[Source data]
>>>

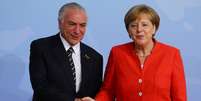 Michel Temer recebe as boas vindas da premiê Angela Merkel na Alemanha  Foto: Reuters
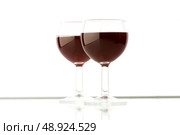Two wine glasses on the white background. Стоковое фото, агентство Ingram Publishing / Фотобанк Лори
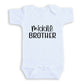 A white baby onesie with the text "middle brother" printed on it.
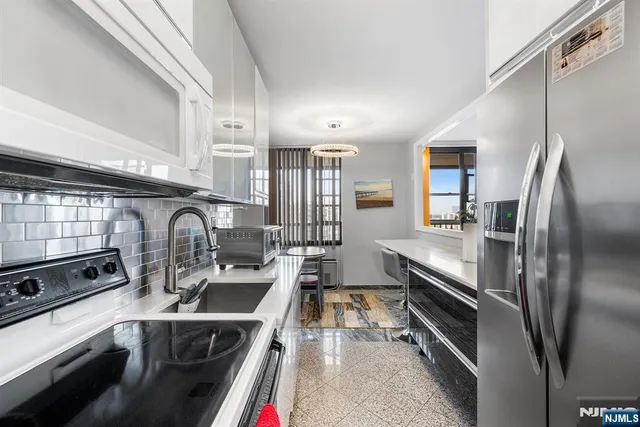 a bedroom with a bed and a television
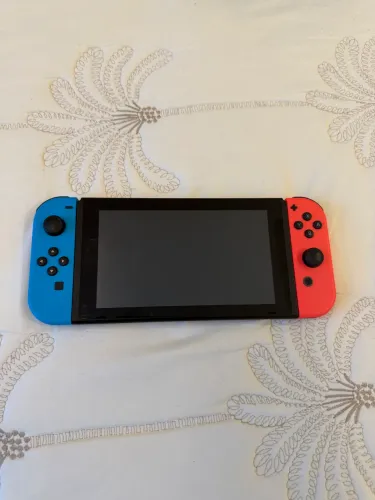 Nintendo switch 32gb + MacroSD 256gb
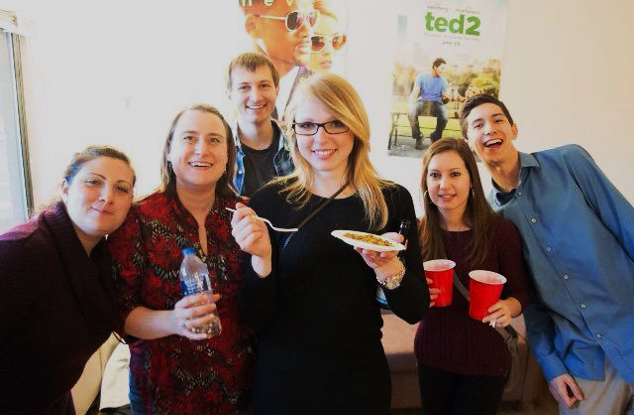 A group of people are smiling broadly at the camera - clearly having a great time. The girl in the center has a plate with food on it and a fork.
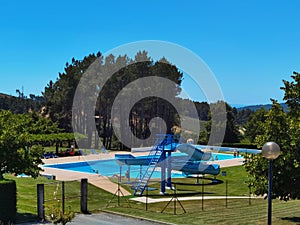 In the middle, some trees and lots of green grass, the pool and slides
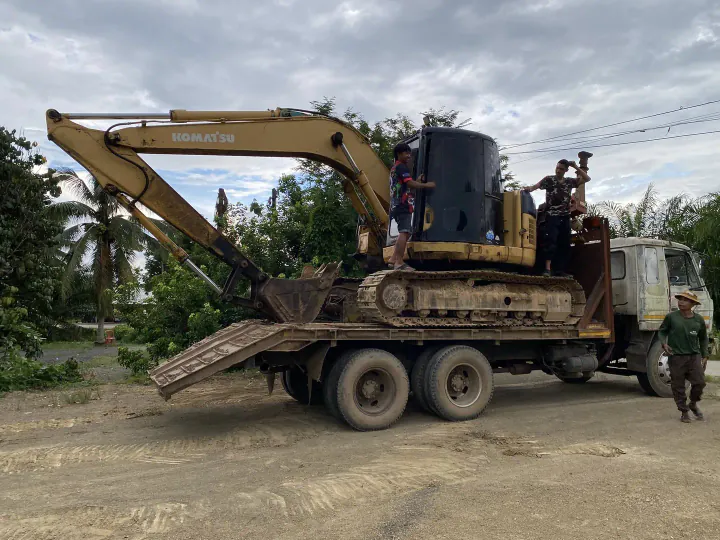 Transporting an excavator by lowbed trailer between construction sites on Koh Samui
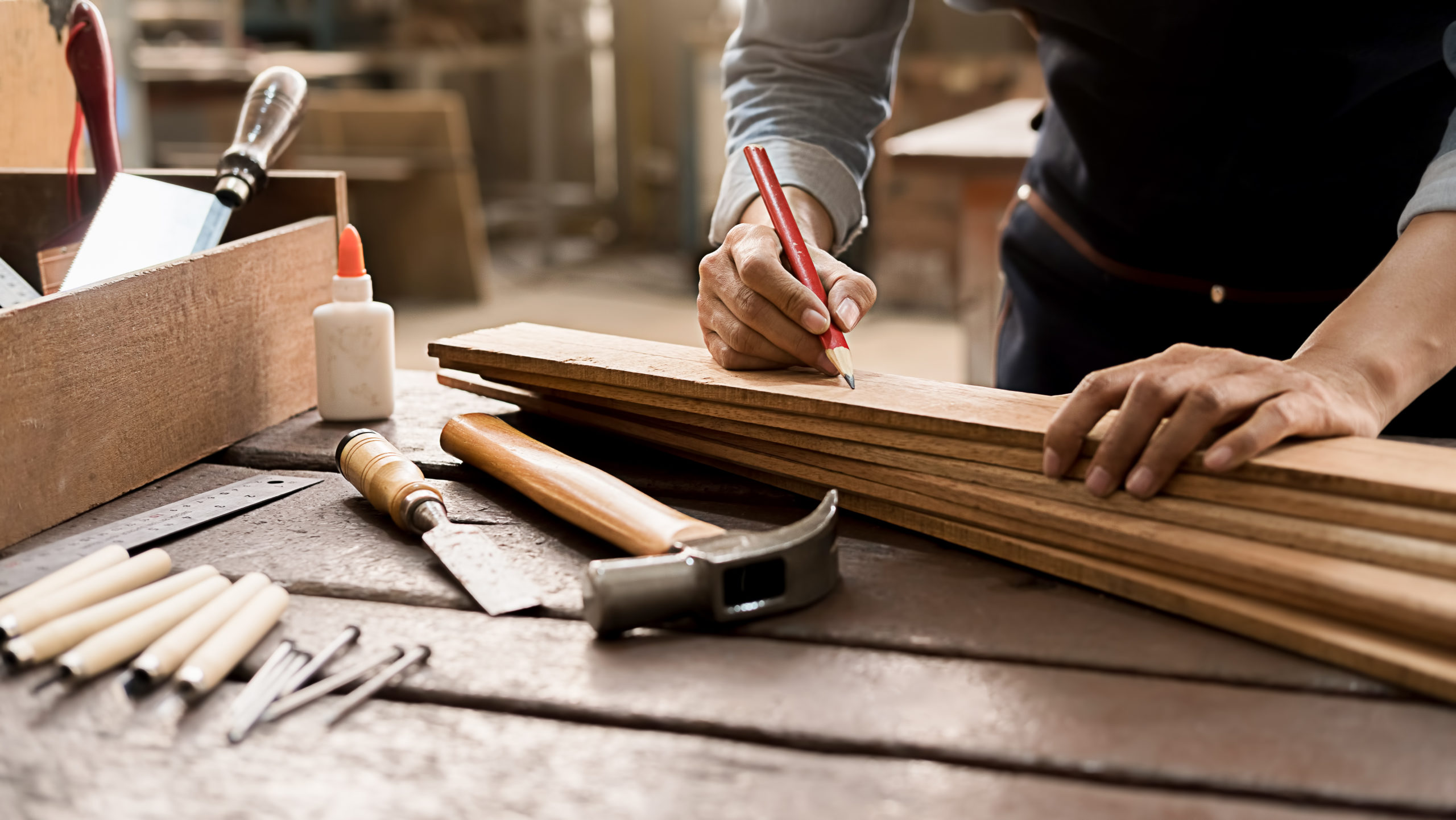 Carpenter working with equipment on wooden table in carpentry shop. woman works in a carpentry shop.
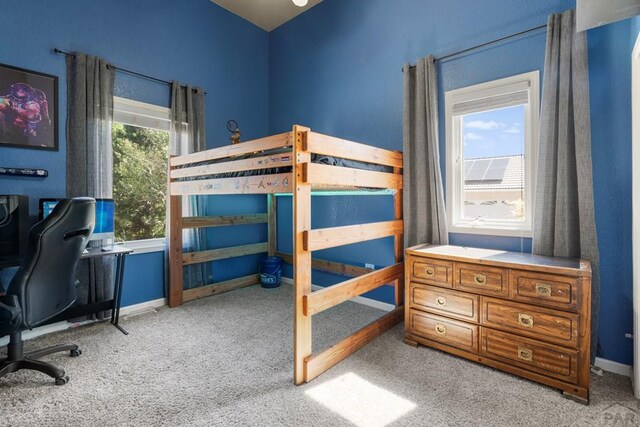 bedroom with baseboards and light colored carpet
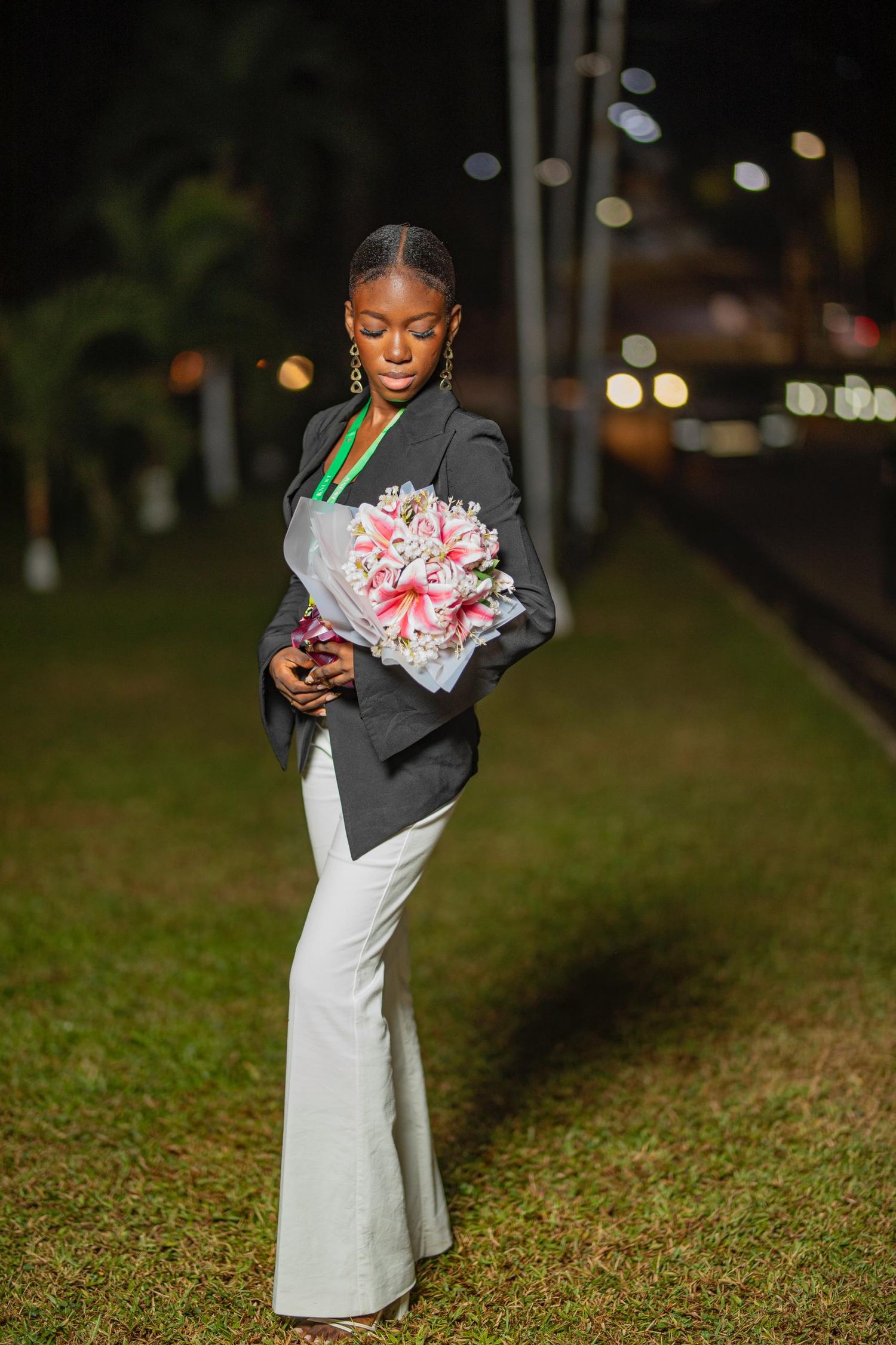 Graduate in formal attire holds pink bouquet during evening celebration.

<<<

Copy exactly the lines that begin at the one containing "Nintendo switch 32gb + MacroSD 256gb" and end at the last line of the records, both included, omitting the pictures.

 Nintendo switch 32gb + MacroSD 256gb
 A group of people are smiling broadly at the camera - clearly having a great time. The girl in the center has a plate with food on it and a fork.
 In the middle, some trees and lots of green grass, the pool and slides
 Transporting an excavator by lowbed trailer between construction sites on Koh Samui
 Carpenter working with equipment on wooden table in carpentry shop. woman works in a carpentry shop.
 bedroom with baseboards and light colored carpet
 Graduate in formal attire holds pink bouquet during evening celebration.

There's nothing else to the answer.